Chip Loring has spent a lot of time on the water.
When he was 5 years old, he received his introduction to paddling when his father, Gene Loring Sr., took him and his brothers Kirk and Bruce out onto Birch Stream in Old Town in their traditional cedar canoes.
“He’d take us out where it was not too deep, then he’d tip us over and teach us how to get back into the canoe and get the water out of it so you could paddle back to shore,” Loring said.
There were many valuable lessons learned from his father and people like Irving Ranco and Nick Sapiel, who instructed the boys on how to race and how to stand-up paddle on the gunnels.
“They taught us a lot,” said Chip Loring, who has spent a lifetime honing his skills and looking for opportunities to use them in races here in Maine and elsewhere.
Loring’s love for paddling has frequently led him to compete in the annual Kenduskeag Stream Canoe Race. He’s not sure how many times he has done it, but he has showcased his experience while renewing many friendships made on the water over the years.

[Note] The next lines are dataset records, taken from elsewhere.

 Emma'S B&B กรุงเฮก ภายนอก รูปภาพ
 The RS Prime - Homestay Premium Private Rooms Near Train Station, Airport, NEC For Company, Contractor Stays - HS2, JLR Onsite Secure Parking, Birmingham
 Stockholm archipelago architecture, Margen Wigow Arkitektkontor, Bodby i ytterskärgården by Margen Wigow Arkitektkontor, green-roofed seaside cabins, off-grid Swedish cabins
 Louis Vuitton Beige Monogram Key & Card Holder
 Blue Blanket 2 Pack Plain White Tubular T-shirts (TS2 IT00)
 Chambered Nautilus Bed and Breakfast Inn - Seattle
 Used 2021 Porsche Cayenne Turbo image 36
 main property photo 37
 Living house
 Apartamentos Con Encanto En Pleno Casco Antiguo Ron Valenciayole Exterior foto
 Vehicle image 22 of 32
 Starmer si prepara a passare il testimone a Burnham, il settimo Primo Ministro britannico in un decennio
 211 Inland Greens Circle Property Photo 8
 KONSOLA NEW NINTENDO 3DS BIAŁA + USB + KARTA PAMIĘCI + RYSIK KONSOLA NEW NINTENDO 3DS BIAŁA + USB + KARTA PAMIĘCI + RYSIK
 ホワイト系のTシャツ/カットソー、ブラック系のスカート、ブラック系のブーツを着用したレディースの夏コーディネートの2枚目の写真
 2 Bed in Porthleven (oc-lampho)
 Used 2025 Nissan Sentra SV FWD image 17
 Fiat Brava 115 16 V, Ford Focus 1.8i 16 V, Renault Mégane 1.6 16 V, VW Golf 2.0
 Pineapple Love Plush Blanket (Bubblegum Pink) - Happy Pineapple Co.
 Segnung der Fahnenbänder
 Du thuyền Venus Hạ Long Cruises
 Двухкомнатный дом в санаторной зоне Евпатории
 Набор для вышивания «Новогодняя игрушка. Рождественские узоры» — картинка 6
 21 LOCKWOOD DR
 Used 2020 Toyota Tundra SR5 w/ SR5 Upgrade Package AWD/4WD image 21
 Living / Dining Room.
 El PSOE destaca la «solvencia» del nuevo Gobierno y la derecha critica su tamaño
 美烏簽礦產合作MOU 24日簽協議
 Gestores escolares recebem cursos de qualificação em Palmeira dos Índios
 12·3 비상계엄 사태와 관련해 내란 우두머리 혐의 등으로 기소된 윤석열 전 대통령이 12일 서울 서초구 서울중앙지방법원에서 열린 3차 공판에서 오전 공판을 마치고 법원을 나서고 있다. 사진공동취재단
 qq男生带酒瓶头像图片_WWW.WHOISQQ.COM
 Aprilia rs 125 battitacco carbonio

“It’s all about the paddlers,” Loring said. “I enjoy meeting new people and I enjoy helping the young people that are just starting. I tell them — this is what my dad told me — remember, stay out of the white stuff.”
Loring’s lifetime of paddling has paid dividends in the Kenduskeag race. Loring claimed the one-man canoe experienced title in 1972 and 1973 upon his return from a stint with the Army Rangers in Vietnam.
He didn’t paddle a lot for many years, but his enthusiasm for competitive sports was rekindled in 1990 when Loring finished the Ironman Triathlon in Hawaii.
In 1995, at 47, Loring grabbed another first-place trophy in the Kenduskeag Race in the one-man recreational canoe division. In all, he has won or shared at least 13 championships across five different race categories.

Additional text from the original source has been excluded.